画廊Full Moon では昨年につづき2度目の個展である。今回の作品は、「不可視なものへの眼差し」という副題で、前回のように植物の形状をそのまま使用するのではなく、身の回りにある機械部品の形態要素を通過させて立ち現れた作品群と、人体の形状を母体として機械的要素とは対角にある有機的フォルムの集合体の内容となっている。
作品の素材はブロンズや真鍮の合金物である。鋳金の面白さは、自分の構想をもとに鋳型を作り、金属を熔解して流し込むまでのダイナミック工程と、金属が凝固してから自分のイメージとのズレを修正していく仕上げの工程の中の自由さにあると思うが、それぞれ時間をじっくりとかけることが多い。その時間の集積で作品が成立していく。

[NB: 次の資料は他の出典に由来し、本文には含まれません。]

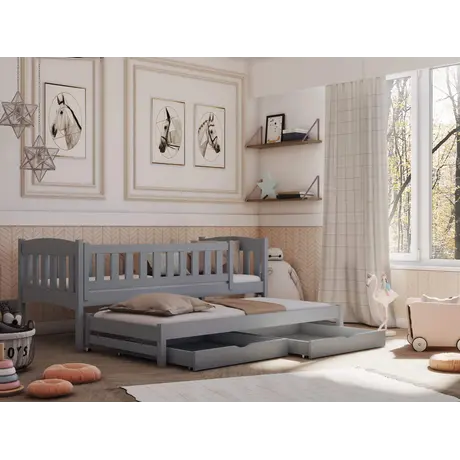 Buy Wooden Double Bed Amelka with Trundle and Storage, Colour: Grey Matt, Mattreses: Foam/Bonnell Mattresses from Furnituretta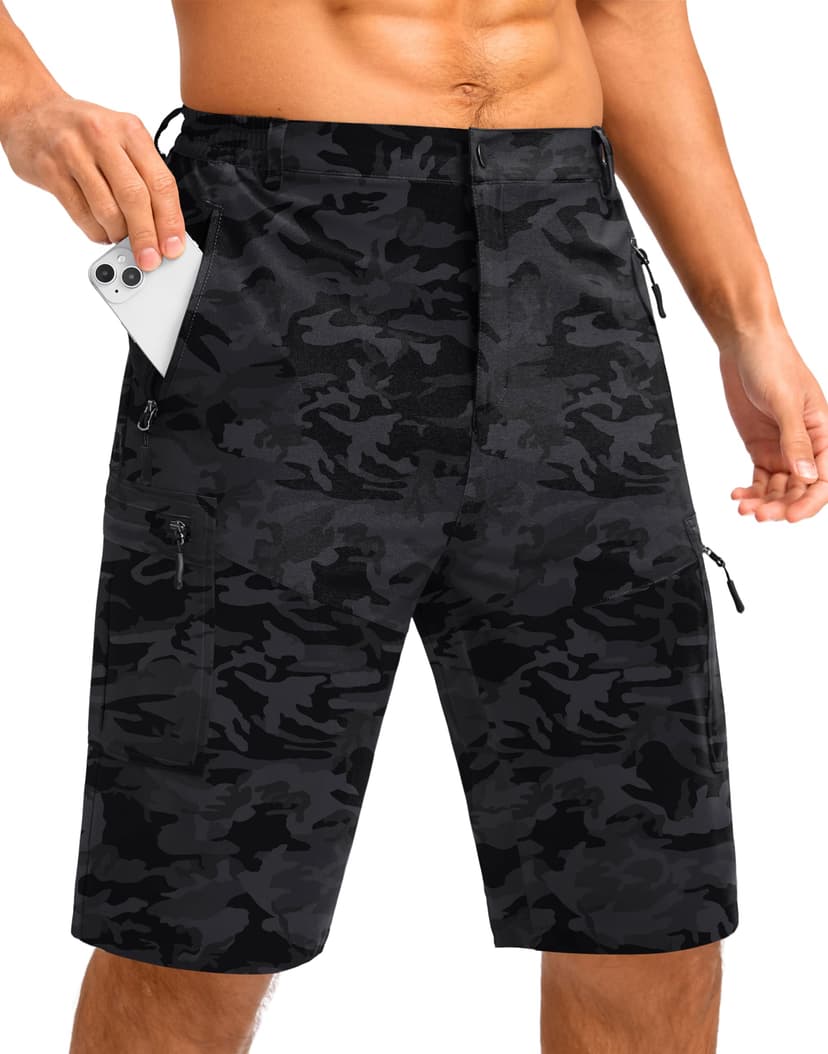 Pudolla Men's Hiking Cargo Shorts 9"/7"/11" Lightweight Outdoor Shorts for Men Trip Golf Camping Casual with 5 Zipper Pockets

大桃君は、その工程ごとにものを造る根源的な衝動に駆られているように制作に打ち込む。鋳物になるまで材質もいろいろと変化していく。途中の工程で見られた形状をそのまま完成までもっていくことは少なく、途中で組み合わされたり、削り取られたりと流動的である。
工程で完成間近の作品を見ると、機械部品的形状と自然の形状のせめぎ合いのような作品は、だいぶ洗練されてきた印象ですっきりとしていた。
また人体の形状を母体とした作品は、無駄が多くもたついた印象であるのだが、なぜか心に残り、ものを造るということ、工程の領域というものを意識しながらもう一度作品に触れたくなるものがあった。
不可視である大桃君の本体は、後者の作品に凝縮されているように感じられてならない。